How Bandwidth Scanners Monitor The Tor Network
The Tor network is comprised of thousands of volunteer-run relays around the world, and millions of people rely on it for privacy and freedom online everyday. To monitor the Tor network's performance, detect attacks on it, and better distribute load across the network, we employ what we call Tor bandwidth scanners. The bandwidth scanners are run by the directory authorities (dirauths).
Tor relays report their own bandwidth based on the traffic they have sent and received. But this reported bandwidth is not verified by other relays. Bandwidth scanners help verify relay bandwidths. They also provide some initial traffic to new relays, so those relays can report a useful amount of bandwidth.
Torflow was the first Tor bandwidth scanner, started in 2011. Over time, it has become more difficult to install and to maintain, because the libraries it was built with are no longer maintained. In 2018, we started to develop "Simple Bandwidth Scanner" (sbws) using more modern and maintained libraries. Right now, out of nine dirauths, six are bandwidth authorities, which means they run bandwidth scanners. (There is also one bridge authority. It doesn't do bandwidth scanning.)
sbws chooses two relays, and builds a path between them. One relay is the target of the sbws measurement. The other relay is a random relay that's faster than the target relay.
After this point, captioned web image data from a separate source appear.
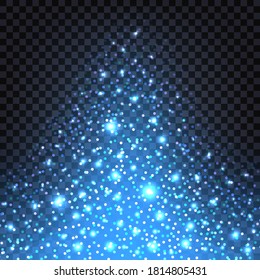 Blue glitter sparkles and glowing luminous stardust on dark  transparent background. Flying shiny Christmas sparks with shimmer light effect, luxury decorative backdrop. Vector illustration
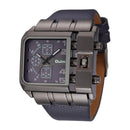 Oulm 3364 Men Square Dial Leather Belt Quartz Watch(Blue)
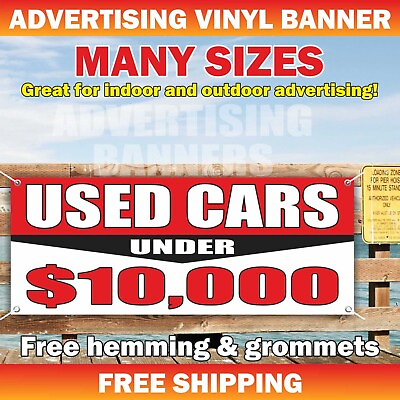 #ad USED CARS UNDER $10000 Advertising Banner Vinyl Mesh Sign Service AUTOS USADOS $219.95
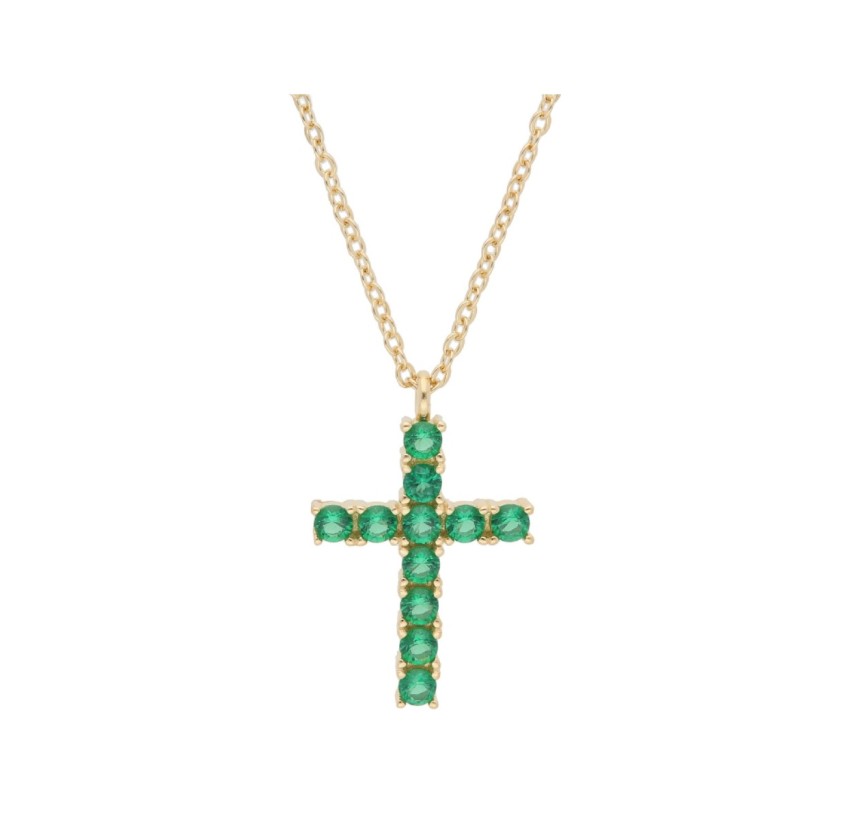 COLGANTE CRUZ PLATA Y CIRCONITAS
The scanner downloads data from a web server through this path between the relays. It measures the bandwidth as the amount of data downloaded and the time it took. Every hour, the scanner filters invalid measurements, aggregates them, and scales the valid ones. Finally, it writes a bandwidth file with all the relays' bandwidth. The directory authorities read this file and vote on the relays' bandwidth.
Torflow divides the network into partitions depending on relay bandwidth. So some relays would end up stuck in a low-bandwidth partition. Unlike Torflow, sbws does not divide relays into partitions, so relays can't get stuck in a slow partition.
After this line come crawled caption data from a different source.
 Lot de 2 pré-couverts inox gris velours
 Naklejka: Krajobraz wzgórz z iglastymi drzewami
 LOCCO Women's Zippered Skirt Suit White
To reach a consensus about a relay's bandwidth, as reported by the scanners, tor uses the median of at least three of their votes. Right now, there is only one directory authority running sbws, and five run Torflow. We plan to have three authorities running sbws by the end of April, so we'll start to see the effects of the changes to sbws soon. If all goes well, we'll eventually want all dirauths to switch from Torflow to sbws.
The latest version of sbws reports all relays that it has seen, including ones that it could not measure. This will help us to diagnose issues and anomalies in the relays, the network, and the software itself. It will also help to answer relay operators questions about their relay consensus weight and bandwidth.
In the next few months, we will start archiving the bandwidth files from sbws and Torflow using CollecTor. Once the directory authorities start running Tor version 0.4.0.4-alpha or later, CollecTor can ask them for their bandwidth files. This will increase transparency while preserving anonymity, since the reported bandwidth values are aggregated from multiple measurements.
Before this change, it was possible to know the bandwidths that were reported by a scanner in a vote, but we could not know which bandwidth file corresponded to which vote. The bandwidth file headers can also help to debug bandwidth file and vote issues.
We wrote a specification for the bandwidth file format. This way, others can develop parsers to obtain metrics, or develop compatible bandwidth scanners.
There are a still several engineering and research improvements that can be done.
So far, sbws scales the raw bandwidth measurements in the same way as Torflow. Scaling is needed in order to balance the load in the network.
The measurement and scaling of bandwidth weights should achieve an equilibrium goal. For instance, the user should experience consistent performance, regardless of the relays that their tor client has randomly chosen.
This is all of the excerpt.